TASK DIRECTIONS: Below are some records. Quote exactly the lines from the one that contains "Elektro Hähnchengrill - 9,6kW" through the last, both included, and leave out the pictures.

DATASET ENTRIES:
▼

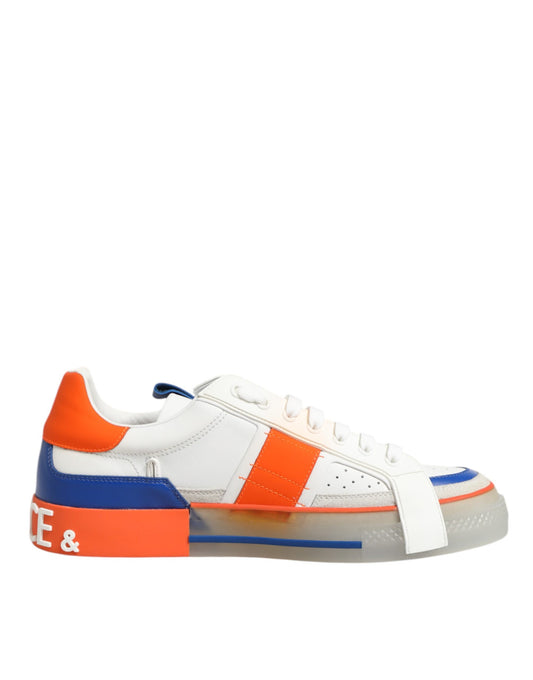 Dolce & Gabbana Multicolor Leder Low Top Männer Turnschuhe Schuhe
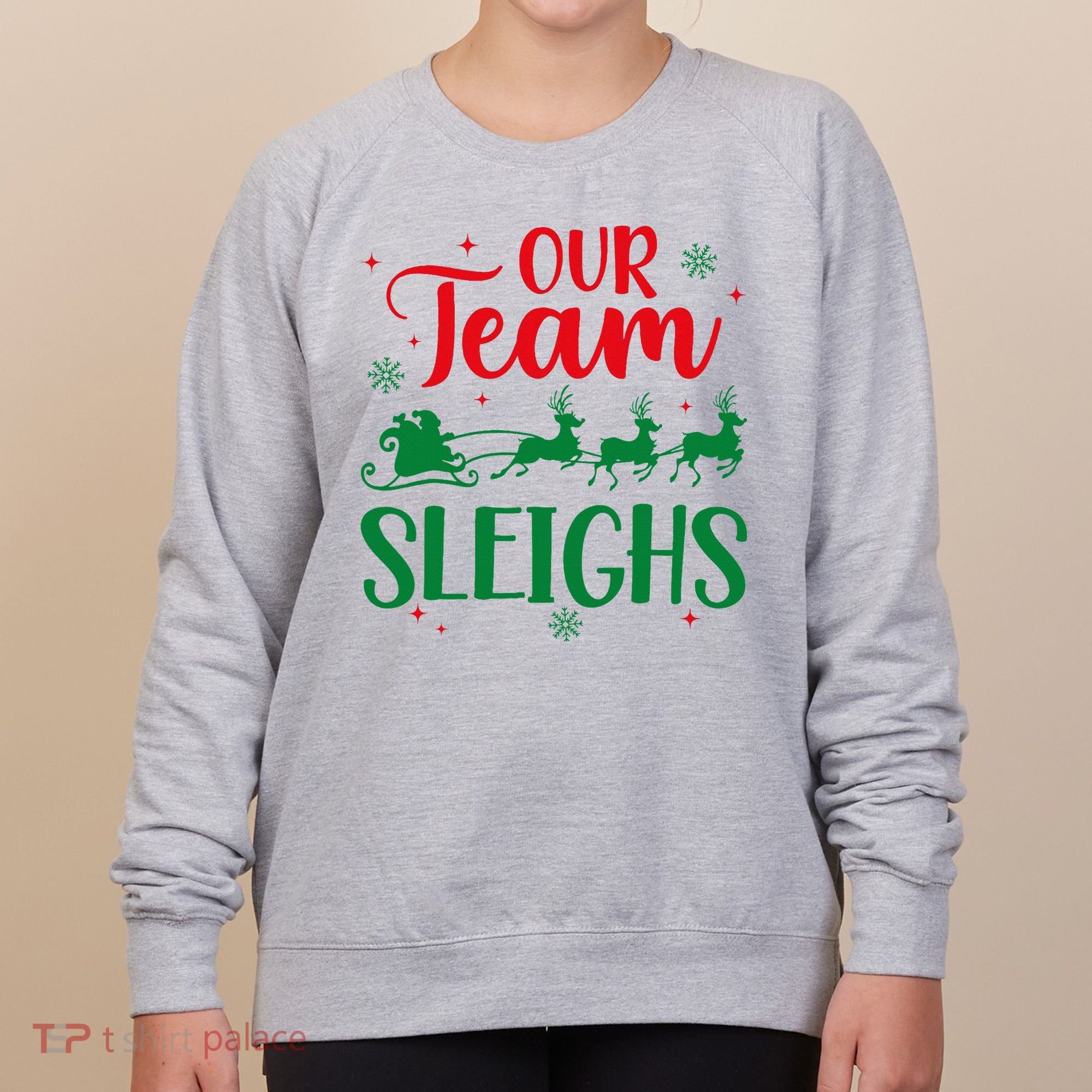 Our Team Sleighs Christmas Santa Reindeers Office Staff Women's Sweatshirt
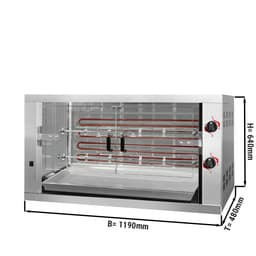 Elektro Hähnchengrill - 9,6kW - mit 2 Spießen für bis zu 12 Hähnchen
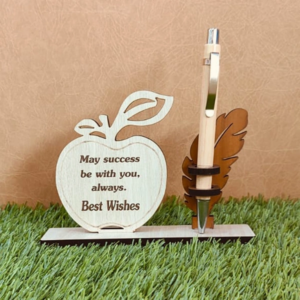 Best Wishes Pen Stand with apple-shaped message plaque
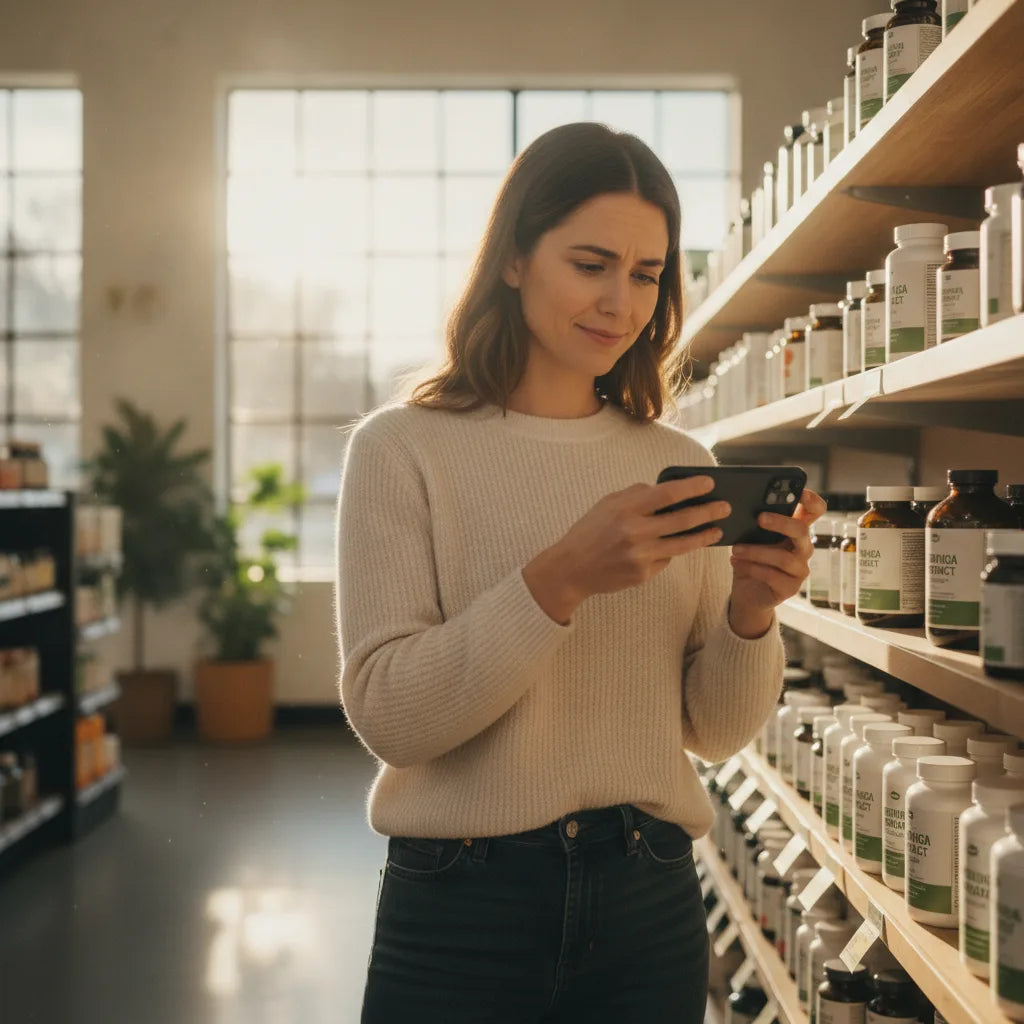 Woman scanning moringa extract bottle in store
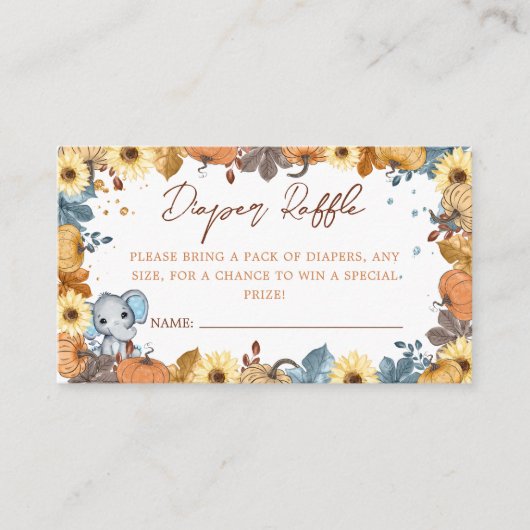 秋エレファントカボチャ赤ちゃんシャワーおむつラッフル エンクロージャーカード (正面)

▲

ANSWER TO THIS PROBLEM:
 Elektro Hähnchengrill - 9,6kW - mit 2 Spießen für bis zu 12 Hähnchen
 Best Wishes Pen Stand with apple-shaped message plaque
 Woman scanning moringa extract bottle in store
 秋エレファントカボチャ赤ちゃんシャワーおむつラッフル エンクロージャーカード (正面)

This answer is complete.